Theology, Corruption, Capitalism, and the Underground Pulsation of Álex de la Iglesia’s Cult Masterpiece
When El Día de la Bestia exploded onto Spanish screens in 1995, it felt less like a film release and more like a rupture; something clawing its way up through the pavement of a country still wrestling with the shadows of dictatorship, the lure of consumerism, and a generation unsure whether to fear the future or laugh at it. Álex de la Iglesia didn’t simply make a horror-comedy about a priest trying to stop the Antichrist; he cracked open the absurdity of modern life in the last years of the 20th century and modernism–and let the demons crawl out, dripping with satire, rage, and a strangely tender sense of human failure. It was an absurd hailing of the worst on the way in the next decades…as it had been formed…
Almost three decades later, the film hasn’t lost its bite. If anything, today’s world—drowning in conspiracy noise, political rot, corporate worship, and spiritual fatigue that makes the film feel like prophecy delivered through a megaphone coated in spray-paint and cheap booze–you can even sense that smell when you encounter the characters.
But beneath its chaos lies a surprising backbone: theology, philosophy, and a deep insight into how people search for meaning when the world promises them nothing but absurdity.

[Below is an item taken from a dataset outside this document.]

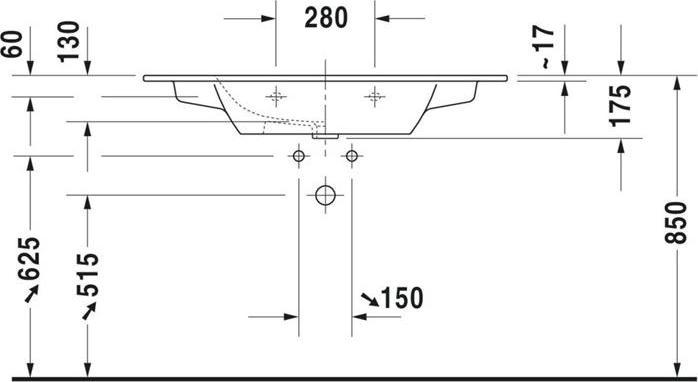Produktbild Duravit Möbelwaschtisch ME by Starck m ÜL m HLB 1030x490mm ohne Hahnloch weiss (490 mm, 1030 mm)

Theology With Blood Under Its Nails
The central figure, Father Ángel, is not your typical cinematic priest. He is neither holy nor wise—just a man convinced he has decoded the Book of Revelation and must commit “as much sin as possible” to get close to the devil and stop the birth of Antichrist. His plan is ridiculous, desperate, and strangely moving.
Álex de la Iglesia once said in an interview:
“I never believed evil appears surrounded by fire. I think it hides in the everyday. In neon lights, in television shows, in the city itself.”
This is the key to the film’s theological muscle. Instead of angels and demons battling in the clouds, the Apocalypse plays out in cramped apartments, filthy streets, and shopping malls. Revelation is no longer a cosmic war—it is a farce that takes place between a failed theologian, a naïve metalhead, and a fraudulent occult showman.
The film mocks the idea that evil is a monster lurking in the shadows. For de la Iglesia, evil is the structure of society. It’s the fabric of modernity.
The devil isn’t coming.
He’s already in the advertisements.


Social Corruption as the Real “Devil”
Spain in the 1990s was intoxicated with commercial growth. The dictatorship was gone, the economy was growing, and the country embraced consumerism as if it were salvation. But beneath the glitter, there was a lingering sense of moral exhaustion and political hypocrisy.
Throughout the film, the real villains are not demons but institutions:
The police behave like thugs. Television hosts manipulate audiences without shame. Politicians hide behind smiles and patriotic slogans. Vigilante groups roam the city performing violence under the guise of “cleaning up the streets.” Corporations sell happiness one discount at a time.
The priest might talk about the Antichrist, but the film insists the beast is not a child of Satan; it is the system itself.
Search for Purpose?
The trio at the heart of the film—Father Ángel, the metalhead José María, and the washed-up occult TV host Cavan—are a portrait of three different types of lost souls.
Ángel is the intellectual who thinks he can reason his way through chaos. His downfall is his belief that knowledge guarantees control.
José María is the outsider who uses metal music and subculture as armour. He’s not stupid; he’s simply someone who found honesty in distortion and volume because society gave him nothing else. His loyalty feels more meaningful than anything the institutions represent.
Cavan is the cynic who pretended to believe in the occult for ratings, only to realise the world he mocked is more sincere than his own life.
They are broken, contradictory, and aimless, and that’s exactly why they are believable.
Their fight against the Antichrist is really a fight to feel alive in a world that numbs you at every turn.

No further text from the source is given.